Exercise description = Make an exact copy of the entries below with the pictures removed.
### Dataset content ###
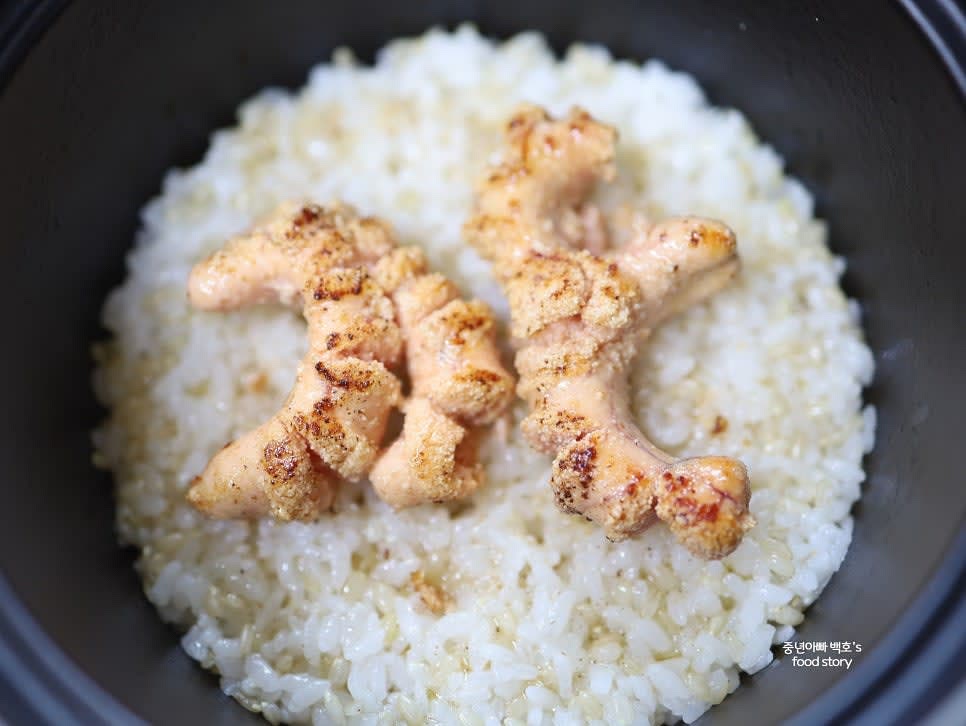 밥이 다 지어지면 10분간 뜸을 들이는 동안 명란 버터구이를 밥 위에 올립니다.
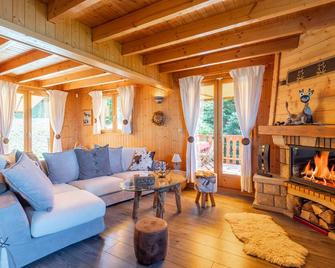 Chalet avec sauna entre Lac Leman, Montagnes et Golf - Le Cocon du Lac Léman - Évian-les-Bains - Phòng khách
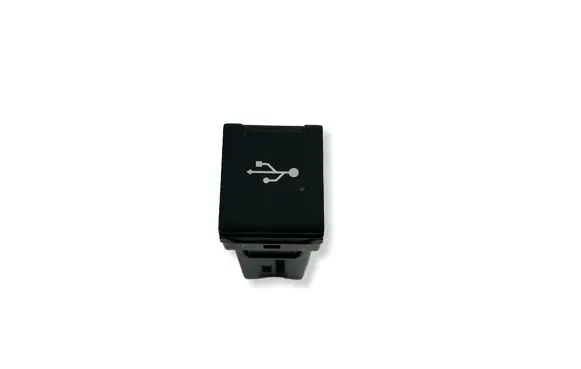 Toyota RAV 4 (XA50) USB socket connector 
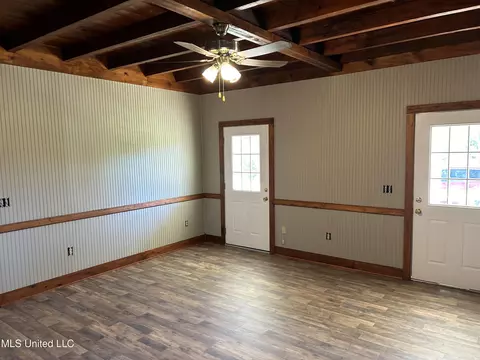Living - 292 Parks Rd, Jackson, MS 39212 photo 1 of 3
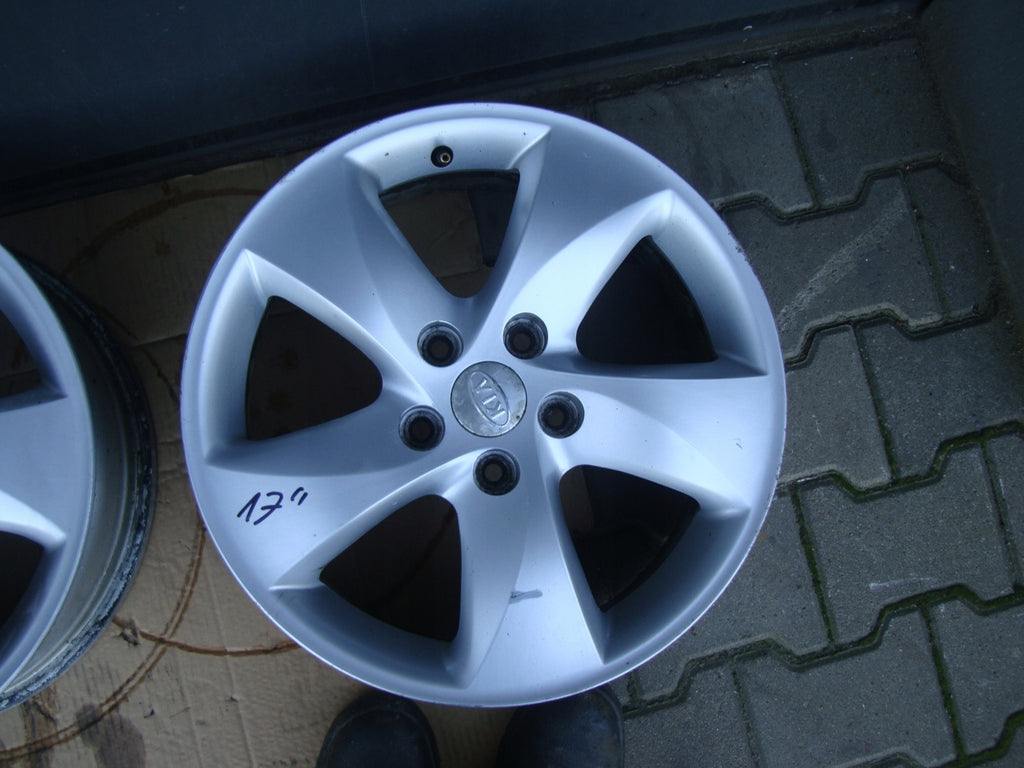 4x Alufelge 17 Zoll 6.5" 5x114.3 40ET Silber Kia Cerato Carens Carnival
###
Response =
 밥이 다 지어지면 10분간 뜸을 들이는 동안 명란 버터구이를 밥 위에 올립니다.
 Chalet avec sauna entre Lac Leman, Montagnes et Golf - Le Cocon du Lac Léman - Évian-les-Bains - Phòng khách
 Toyota RAV 4 (XA50) USB socket connector 
Living - 292 Parks Rd, Jackson, MS 39212 photo 1 of 3
 4x Alufelge 17 Zoll 6.5" 5x114.3 40ET Silber Kia Cerato Carens Carnival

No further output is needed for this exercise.